Graduate Colloquium

Past Colloquia

View three years of past Graduate Colloquia topics and speakers. 

Doris Day and the Economists:  Celebrity Expertise in the Development Decade

Nick Cullathe, Professor, Indiana University, Department of History/Department of International Studies; Editor, Diplomatic History

In the 1962 romcom That Touch of Mink Cary Grant draws Doris Day close and whispers, “How do you feel about the untapped resources of the developing nations?”  She closes her eyes and breathes, “I think they ought to be tapped.”  Grant was playing a now vanished type, the celebrity development expert—not the celebrity posing as expert—a la Bono or Oprah—but the expert whose international fame comes from an intimate and well-known connection to the romance of development.  Magazines, the Kennedy White House, and Hollywood all had a hand in creating these modern, modernizing personalities.  We will discuss where they came from and why they vanished.

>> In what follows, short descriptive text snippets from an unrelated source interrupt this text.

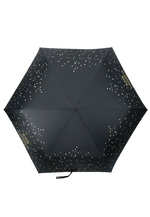 特大超輕晴雨傘-金粉雨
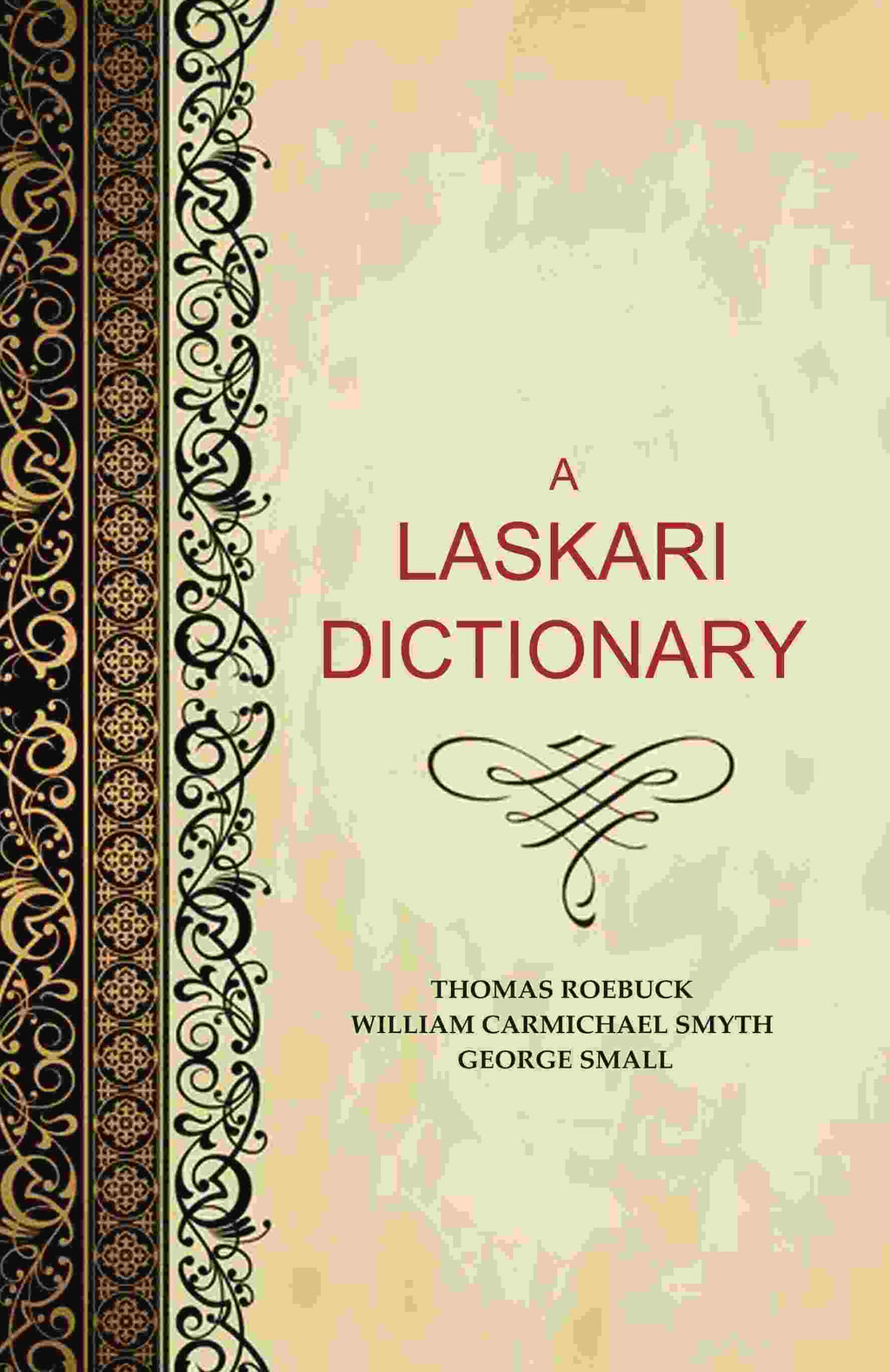 A Laskari Dictionary - Gyan Books | Grocsy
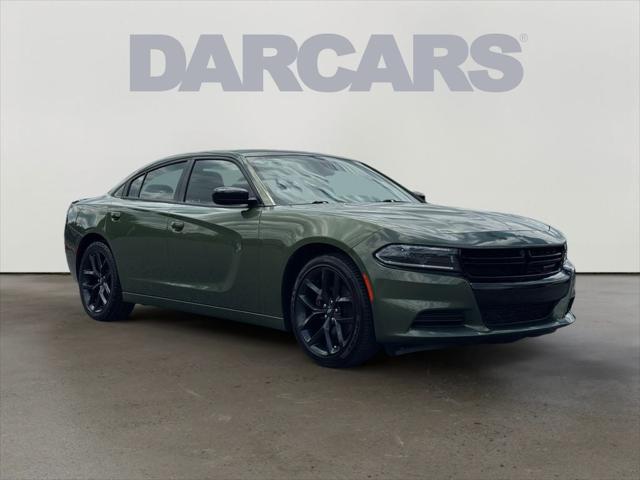 2022 Dodge Charger SXT RWD 2022 Dodge Charger SXT RWD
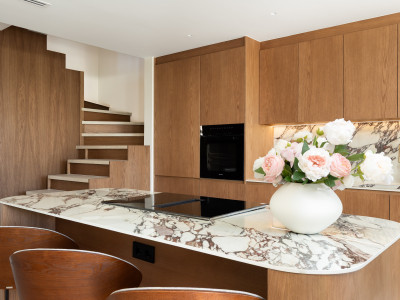 Town House for sale in La Quinta, Benahavis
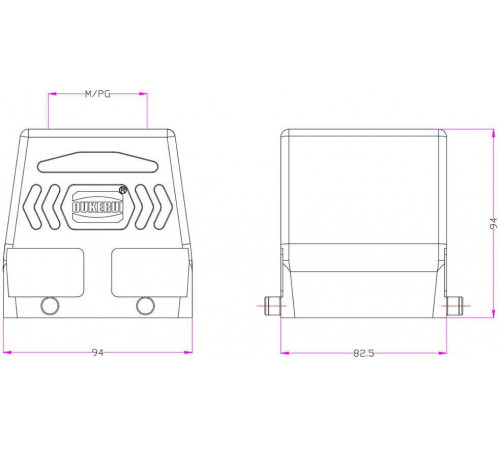 HZW-H32B-TK-4G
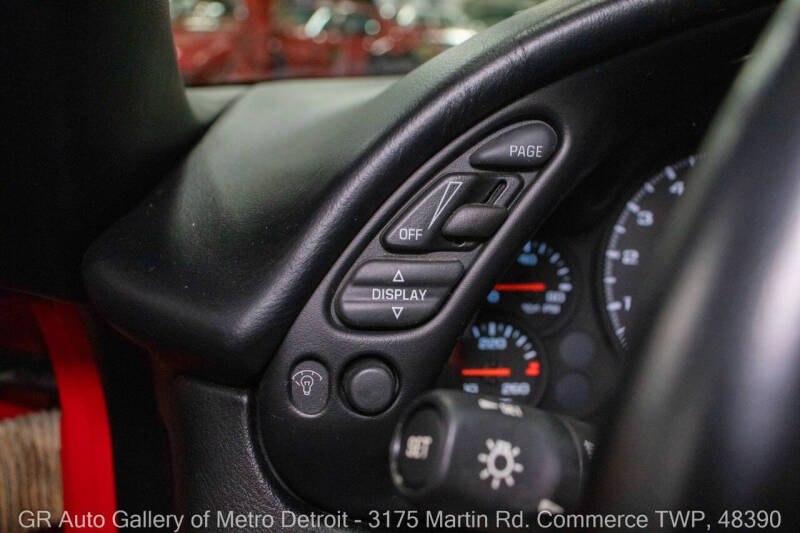 2000 Chevrolet Corvette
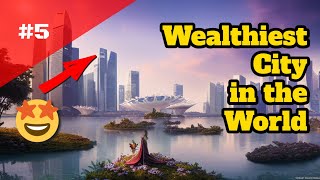 Wealth Around the World  5th Wealthiest City in the World [upl. by Herald]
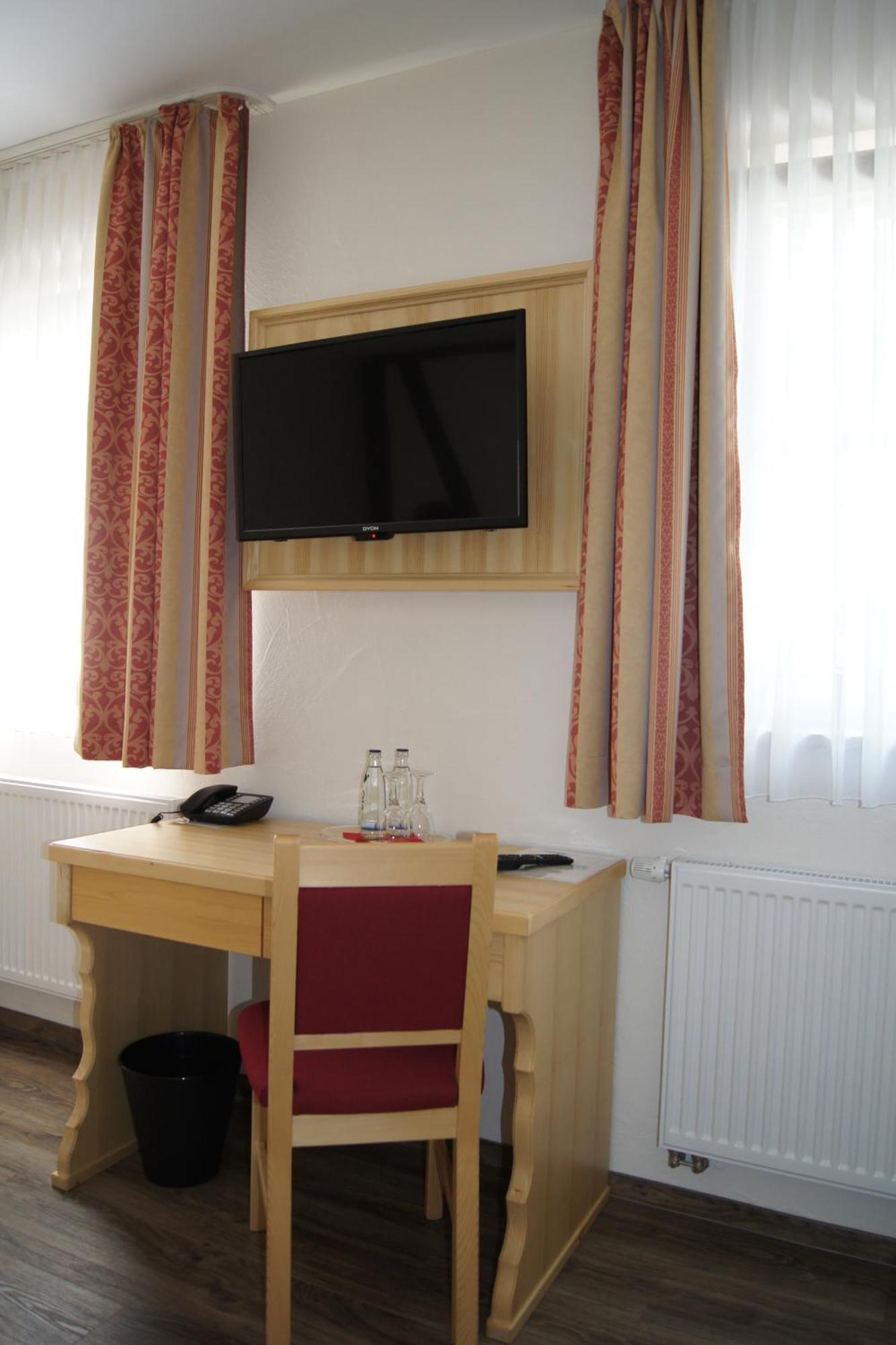 Gasthof Schoenau Heilsbronn Bilik gambar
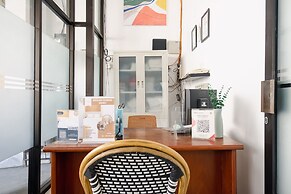 Mono Coliving Kertajaya Syariah, SBY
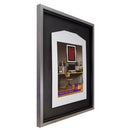 Vivarti DIY Sports Shirt Display Standard Silver Frame-65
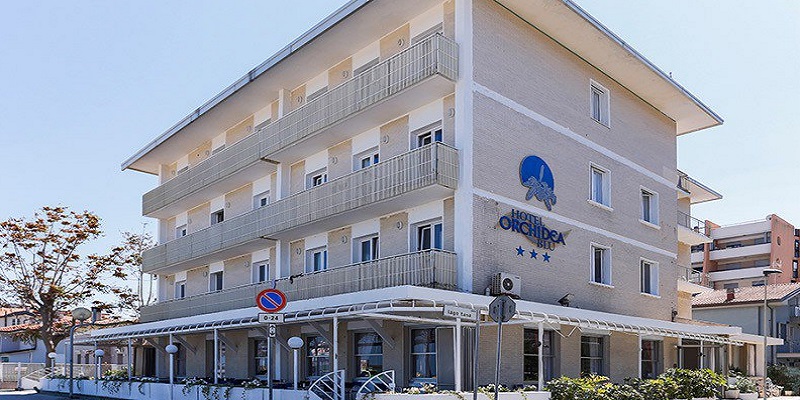 Hotel Orchidea Blu Rimini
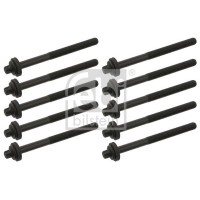 12032 FEBI BILSTEIN Комплект болтів головки циліндра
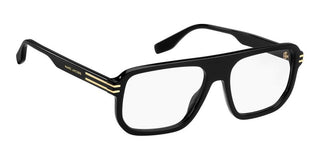 Marc Jacobs MARC 682 men Black Visor Eyeglasses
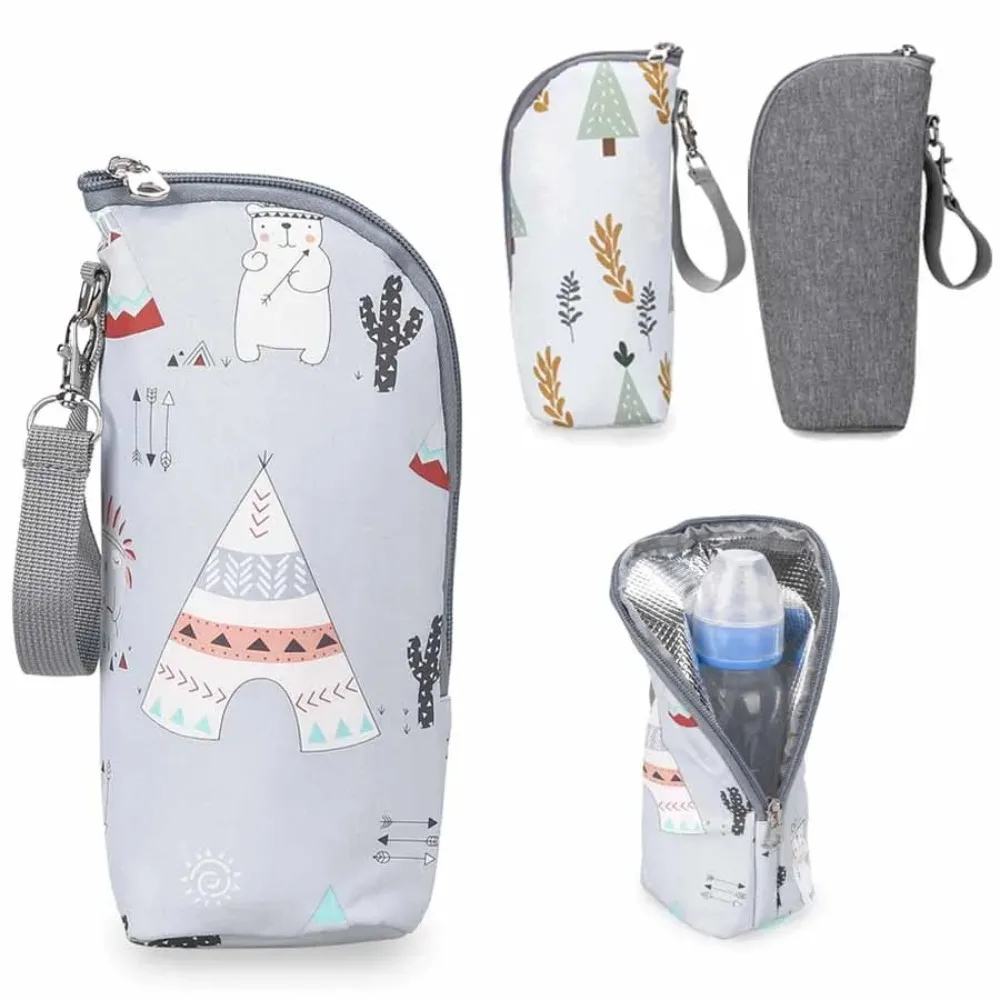 Przenośna torba do podgrzewani – Baby Food Zip Lock Bag recenzja i cena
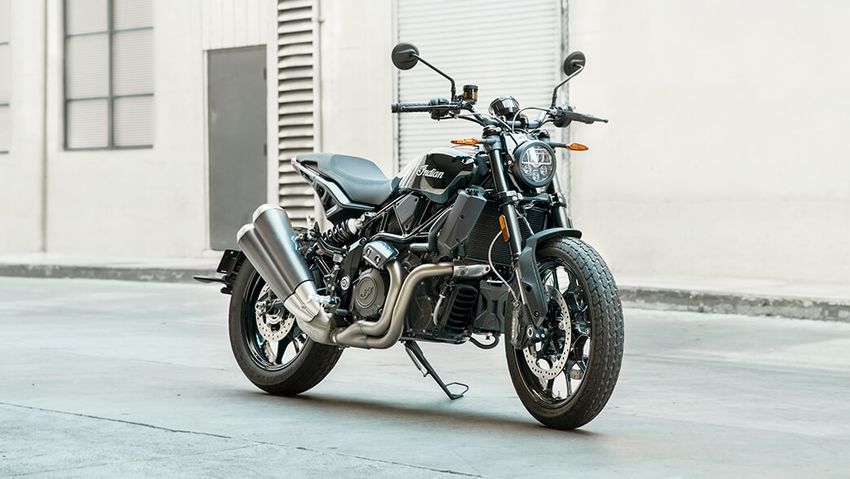 2019 Indian FTR 1200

In addition to his keynote, Professor Cullather is keen to meet with interested graduate students from to discuss new directions in American foreign relations history, what this field offers scholars of various disciplines, and how young scholars should prepare their work for publication in journals such as Diplomatic History.

Nick Cullather is an historian of American foreign relations and the new editor of Diplomatic History, the journal of the Society for Historians of American Foreign Relations. His work on U.S. Empire in the twentieth century - from the American relationship with the Philippines, to CIA covert operations, and the use of food as tool of American psychological warfare - will be of interest to historians and other scholars studying the United States, Asia and twentieth-century empire more broadly

Please note: the talk begins at 5:00 pm at the Buffett Institute

January 29th, 2015

Marco Bocchese (Political Science): "If you can't defeat the rebels, sue them!"  The ICC and the Judicialization of Civil War"

Marco's presentation investigates the conditions under which states have sought international legal scrutiny for domestic episodes of mass violence. My argument is that one logic explains all cases of "self-referrals" before the ICC, other cases wherein states which are not parties to the ICC nevertheless accepted its jurisdiction, and even cases that predate ICC entry into force.

Marco was trained as a lawyer in Italy and in the US (LL.M. from NU Law in 2010). He is currently a 3rd-year PhD student with the PoliSci Department, where he studies the politics of international criminal courts, and in particular how states are moving toward a judicialization of inter-state and intra-state disputes.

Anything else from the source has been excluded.